Larry confessed. He purged his sins to Coach. He told him how embarrassed he was, and how he’s “lost his way” in the midst of all the fame and fortune and towards the end of an hour, Larry, in tears, asked Coach, “What do you think I should do?” Now, Coach, being a man of few words, just looked at him and calmly confessed himself. He said, “Larry, I have never had any trouble turning the page in the book of my life.” Larry got sober that day and he has been for the last 40 years.
Now: I loved reading this speech. Many important reminders about life:
Mom and dad teach us things as children. Teachers, mentors, the government and laws all give us guidelines to navigate life, rules to abide by in the name of accountability.

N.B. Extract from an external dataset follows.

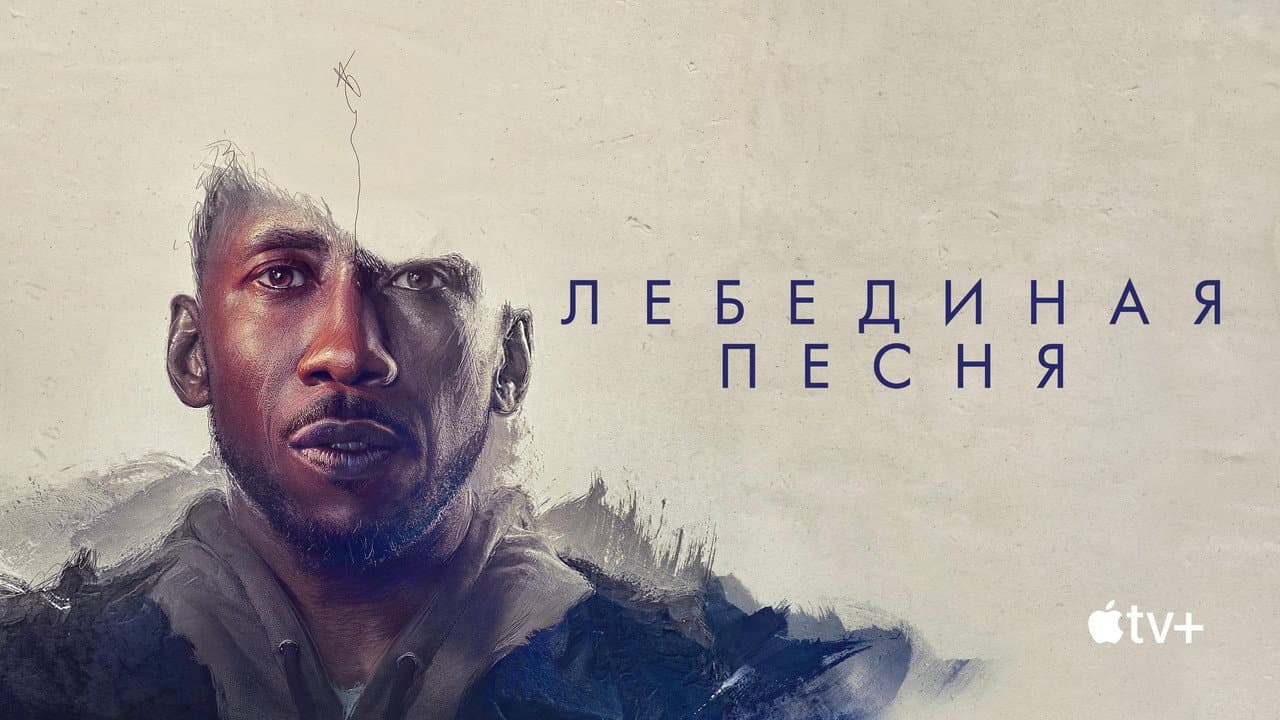 Кадр 1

I’m not talking about those obligations. I’m talking about the ones we make with ourselves, with our God, with our own consciousness. I’m talking about the YOU versus YOU obligations. We have to have them. Again, these are not societal laws and expectations that we acknowledge and endow for anyone other than ourselves. These are FAITH based OBLIGATIONS that we make on our own.
Not the lowered insurance rate for a good driving record, you will not be fined or put in jail if you do not gratify the obligations I speak of — no one else governs these but you.

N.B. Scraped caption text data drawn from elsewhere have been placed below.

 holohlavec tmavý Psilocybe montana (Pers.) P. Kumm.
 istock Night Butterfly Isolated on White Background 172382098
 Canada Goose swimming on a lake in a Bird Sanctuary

They’re secrets with yourself, private council, personal protocols, and while nobody throws you a party when you abide by them, no one will arrest you when you break them either. Except yourself. Or, some cops who got a “disturbing the peace” call at 2:30 in the morning because you were playing bongos in your birthday suit.
Entertainment Tonight called this speech “bonkers.”
That’s not fair.
Maybe a fourteenth lesson that McConaughey only hints at in his speech is: to achieve greatness you must dance along the edge of bonkers. To do anything worthwhile you must risk appearing ridiculous. On your journey, at many points, you will appear ridiculous. The fear of appearing ridiculous stops all too many from achieving their potential.
You know these No Fear t-shirts? I don’t get em. Hell, I try to scare myself at least once a day. I get butterflies every morning before I go to work. I was nervous before I got here to speak tonight. I think fear is a good thing. Why? Because it increases our NEED to overcome that fear.
Say your obstacle is fear of rejection. You want to ask her out but you fear she may say “no.” You want to ask for that promotion but you’re scared your boss will think you’re overstepping your bounds.
Well, instead of denying these fears, declare them, say them out loud, admit them, give them the credit they deserve. Don’t get all macho and act like they’re no big deal, and don’t get paralyzed by denying they exist and therefore abandoning your need to overcome them. I mean, I’d subscribe to the belief that we’re all destined to have to do the thing we fear the most anyway.
So, you give your obstacles credit and you will one. Find the courage to overcome them or see clearly that they are not really worth prevailing over.
Here is what McConaughey looked like giving his speech.
Here is a great actor whose greatest role is himself.
* The Lincoln Lawyer spoke to a real fantasy I can’t be alone in having in Los Angeles: someone driving you everywhere in comfortable quiet. Since then Uber has come close to making that a reality.